>>

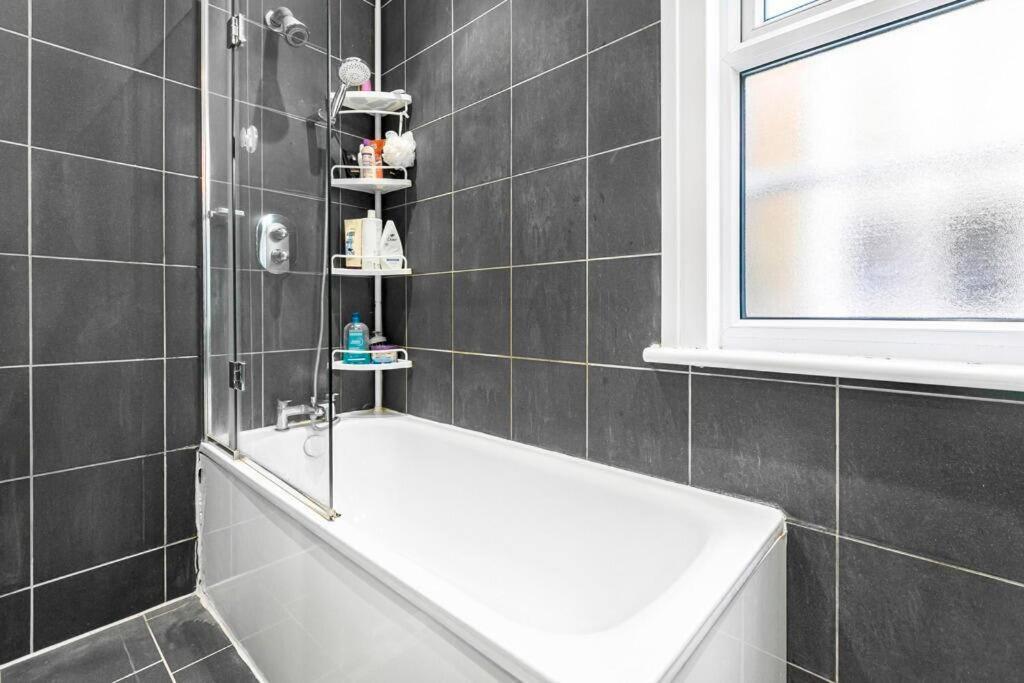5-bed Family Retreat In Chiswick Villa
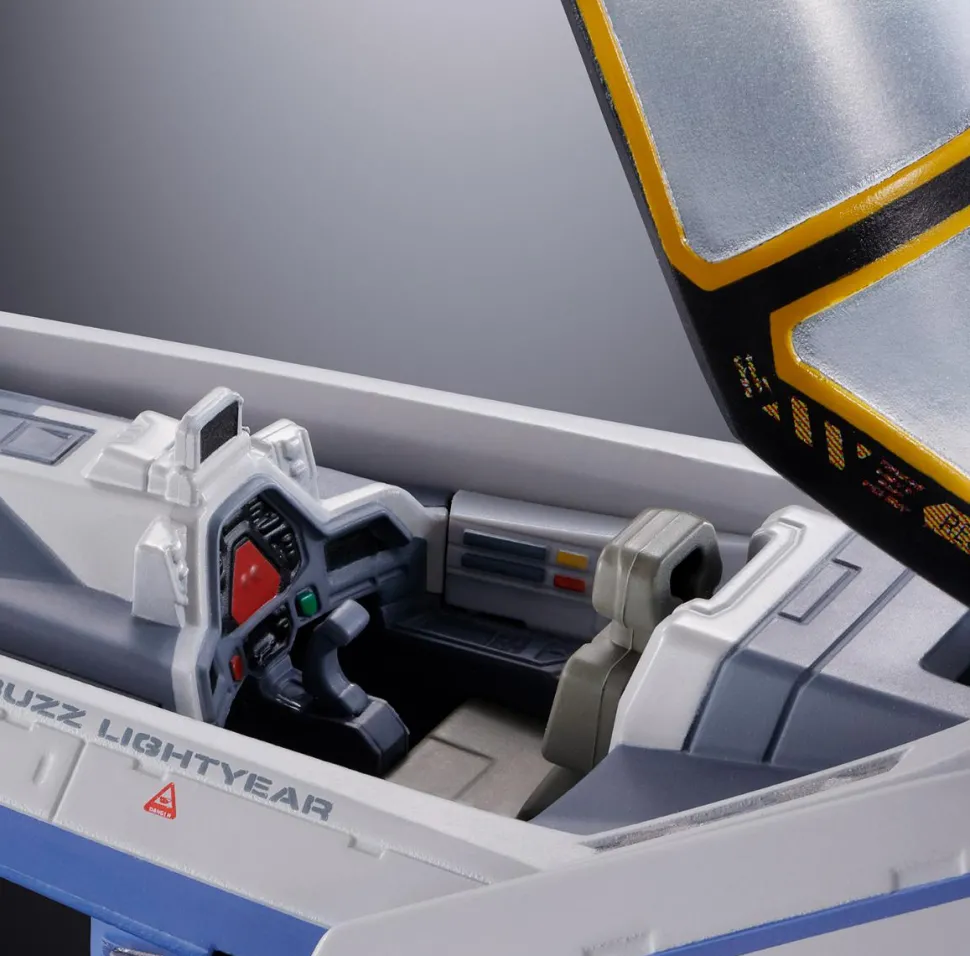 Lightyear (2022) - XL-15 Spaceship Chogokin 9” Action Figure Vehicle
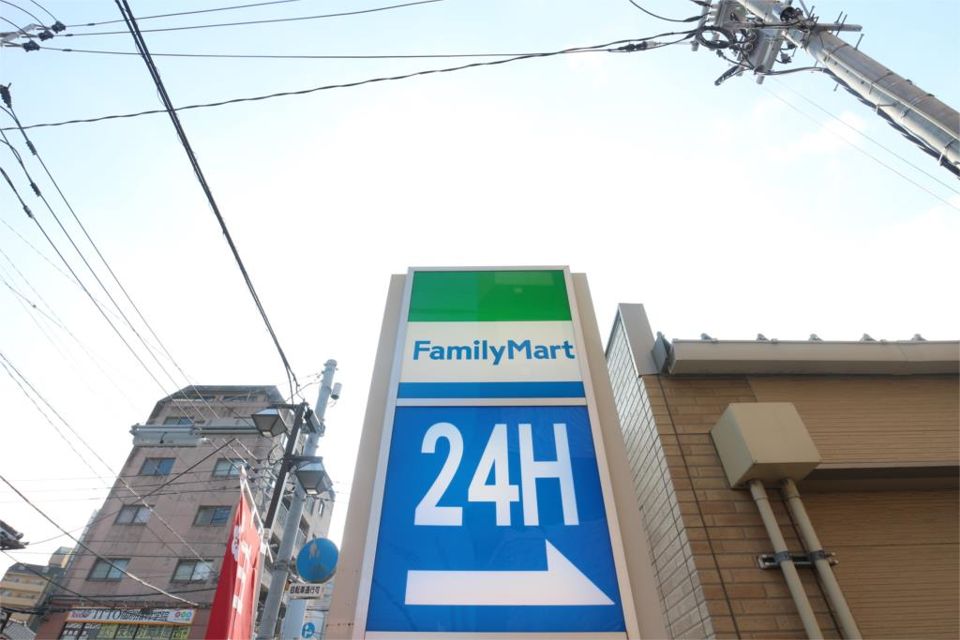 近くのファミリーマート 福岡城南区役所前店まで363m（徒歩5分）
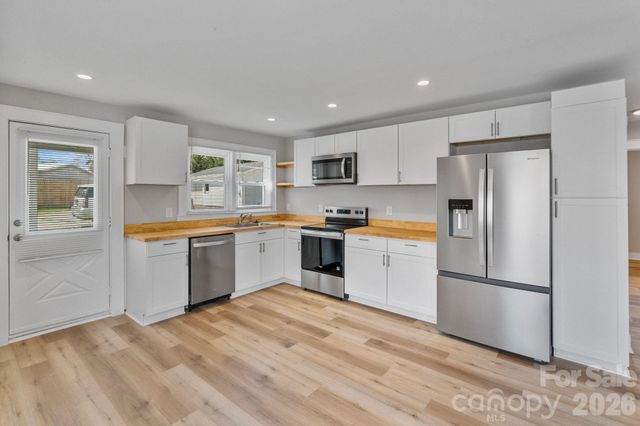 2106 Statesville Highway, Mooresville, NC 28115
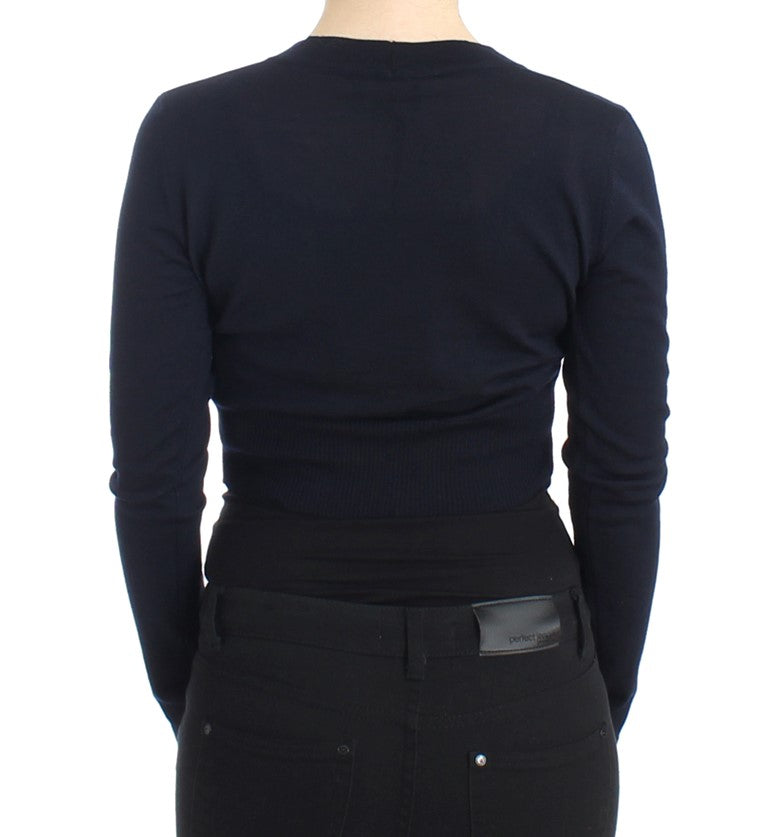 Blaue Strickjacke aus Wolle, kurz geschnitten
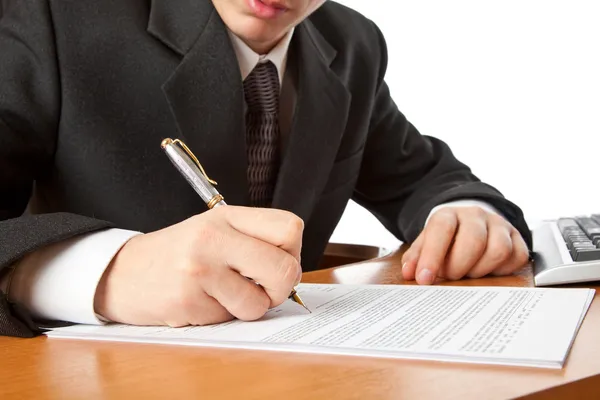 Üzletember kezét a szerződés aláírása. — Stock Fotó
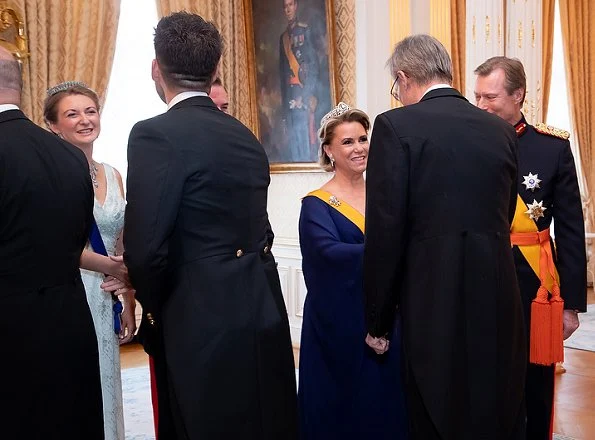 Maria Teresa wore the Belgian Scroll Tiara, Prenses Stephanie wore her butterfly tiara, Prenses Alexandra wore Charlotte’s Pearl & Diamond tiara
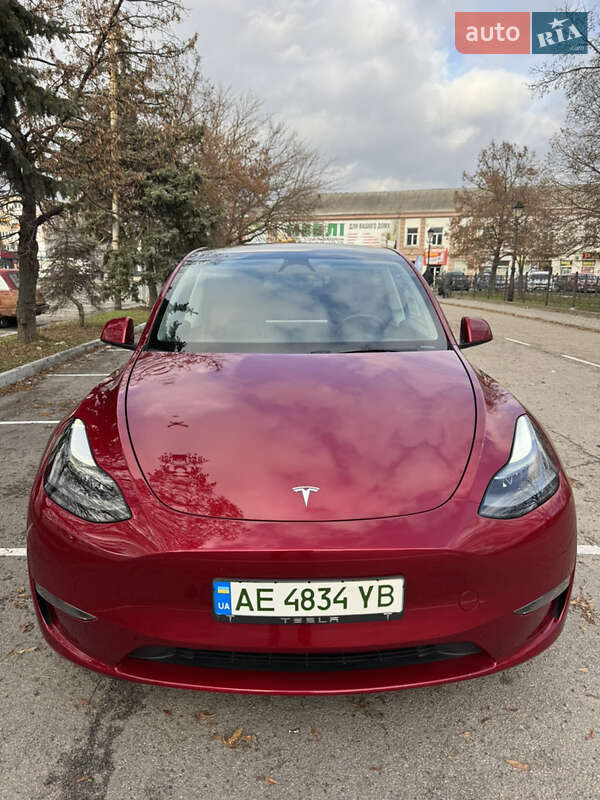 Внедорожник / Кроссовер Tesla Model Y 2024 в Новомосковске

<<

Task item:
From the first line to the last, repeat the records above exactly, leaving out the pictures.

Solution to this problem:
5-bed Family Retreat In Chiswick Villa
 Lightyear (2022) - XL-15 Spaceship Chogokin 9” Action Figure Vehicle
 近くのファミリーマート 福岡城南区役所前店まで363m（徒歩5分）
 2106 Statesville Highway, Mooresville, NC 28115
 Blaue Strickjacke aus Wolle, kurz geschnitten
 Üzletember kezét a szerződés aláírása. — Stock Fotó
 Maria Teresa wore the Belgian Scroll Tiara, Prenses Stephanie wore her butterfly tiara, Prenses Alexandra wore Charlotte’s Pearl & Diamond tiara
 Внедорожник / Кроссовер Tesla Model Y 2024 в Новомосковске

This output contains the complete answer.